You still have to weld the damn loads down to the barge or ship decks do they don't fall overboard in rough seas.

They just don't make tie down straps Big Enough . . .

You can hook together as many of these damn things as you can find . . .
I know where they have about 4 dozen parked down the road from me .
Unless they are rented out or on a boat heading overseas right now.









It's Amazing how much power you can get out of 1 v-8 diesel & a bunch of hydraulic pumps - motors !


----------



## tohunt4me (Nov 23, 2015)

Trafficat said:


> Yeah, that's not a truck. This is a truck. Anything smaller is just a wannabe:


I believe I have Won this " pissing contest".

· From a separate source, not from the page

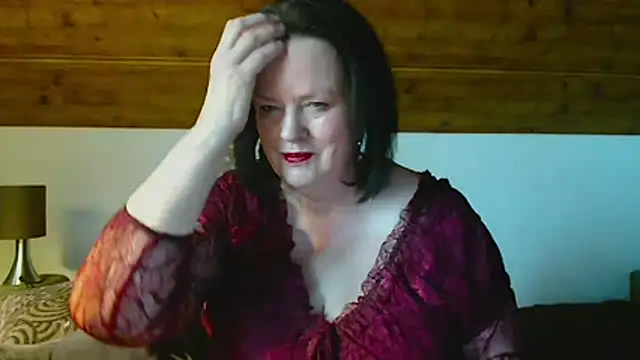 TiffanyMature online show from 11/18/25, 08:06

( All B.S. aside . . . I have dealt with things most people never imagined or even knew existed.
I used to fly to work in more helicopters than Joe Biden has flown Away from work in . I never grew up cause I kept getting BIGGER TOYS !)


----------



## bobby747 (Dec 29, 2015)

#1 seller because it's a slug. Seller credit restrictions lower to an all time high . So you buy it


----------



## bobby747 (Dec 29, 2015)

*2022 Ford Maverick Financing Guaranteed Approval Program Revealed.
google it...*


----------



## tohunt4me (Nov 23, 2015)

bobby747 said:


> *2022 Ford Maverick Financing Guaranteed Approval Program Revealed.
> google it...*


I want one.
My Chevy s-10 is a 1995 mm model. Almost 200,000 miles. It gets 26 m.p.g.
My 4 cyl. Chevy Colorado gets 21-22 m.p.g
On a good day.

I want a Small truck that seats 5 people and gets 40 m.p.g. !


----------



## bobby747 (Dec 29, 2015)

It looks great. Just saying what I read long ago and heard.


----------



## JeanOcelot0 (Dec 30, 2020)

If an SUV is considered a "truck", then we are already at this point.

I myself like the idea of a standard car-based station-wagon with the ability to fold down the back seat. Not only does it ride well, but there is a rock-solid casing that is not as easy to break in as a truck with an after-market bed-top. And how often does one need to have an open bay? Probably few enough times that it would be far better to simply rent & tow a trailer.


----------



## Syn (Jun 30, 2017)

The last time a non-truck was a best seller in the USA was in the early 1980s.


----------